Correct me if I’m wrong!

This is what I said if p-value less than 0.05 (by default) then we reject H0
(the hypothesis telling us that the test REJECT "Normality" of the data) However , if p-value >0.05 then we ACCEPT H0 which means that the test didn't succeed to reject the normality of the data.

Beware , usually , newbies think that the hypothesis tells us that the data is effectively NORMALLY DISTRIBUTED but actually this is not saying any test says. The test says that It doesn't REJECT the hypothesis of data's normality but It doesn't mean that the data is effectively NORMALLY DISTRIBUTED.

I don't if I was clear for the last paragraph...

Thanks for reviving this discussion Andreas and Bibani!

These can be quite difficult to follow, but here's what I feel I've learned since then:

  1. The smaller the p-value, the stronger the evidence we have to reject the null hypothesis. See the wiki and this link. A small p-value suggests a small probability of obtaining the observed results assuming the null hypothesis is true.
  2. The null hypothesis of the Jarque-Bera test is that the data is normally distributed.
  3. The conclusion of (1) and (2) must be that a small p-value for the Jarque-Bera test suggests the data is not normally distributed.

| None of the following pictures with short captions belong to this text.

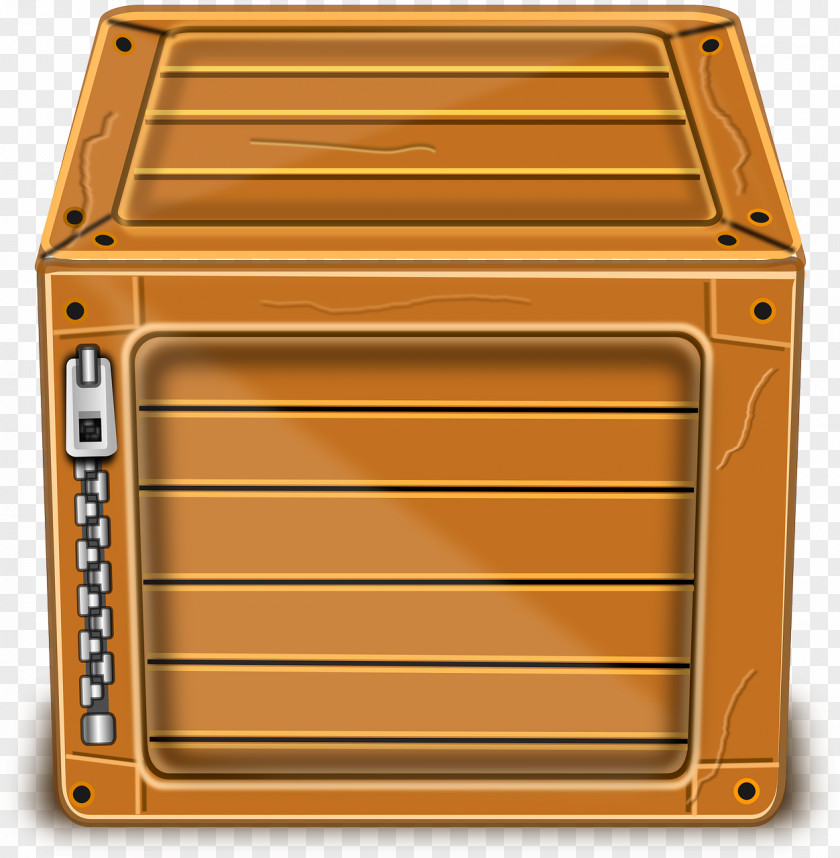 Boxes Vector Wooden Box Crate Clip Art PNG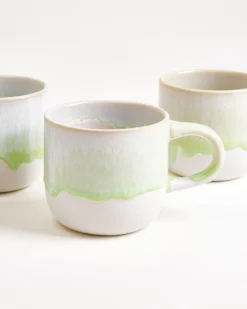 Coimbra - Large mug pastel green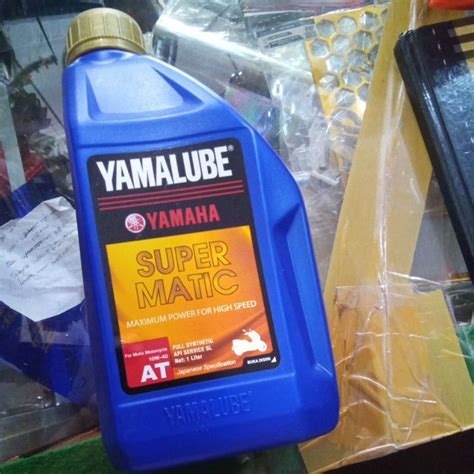 Jual OLI YAMALUBE SUPER MATIC SAE 10W 40 FULL SYNTHETIC ISI 1 LITER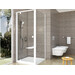 Душова кабіна Ravak Pivot PDOP1-90+PPS-80 (03G70101Z1SET90PPS80, 90х80 см, скло прозоре, профіль білий), Доступні розміри: 90 x 80, Колір виробника: прозоре скло, обробка біла, фото 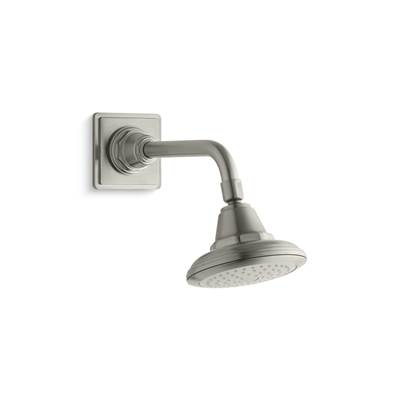 Kohler Pinstripe Single-function Showerhead, 2.5 Gpm - Vibrant - Brushed Nickel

I confirmed this by running jarque_bera on two very large samples (10,000), the first of which is very obviously normal, and the second of which is very obviously bimodal. The test returns a p-value (second return value of jarque_bera, per the documentation) of 0.74 for the normally distributed data and a p-value of 0.0 for the bimodally distributed data. See my attached notebook if you'd like to review the results.

Note that part of the confusion stems from the value of the test statistic itself. Though the value is largely meaningless, it is true that if its value is far from zero, the data is likely not normally distributed. See the wiki for Jarque-Bera. For instance, in my test, the JB value (first value returned by the jarque_bera function) is 0.6 for the normally distributed data and 3331 for the bimodally distributed data. This is essentially "backwards" compared to its p-value, which could lead to some of the confusion here.

I think we can safely say this means the answers for Lecture 10 are incorrect and need adjusting.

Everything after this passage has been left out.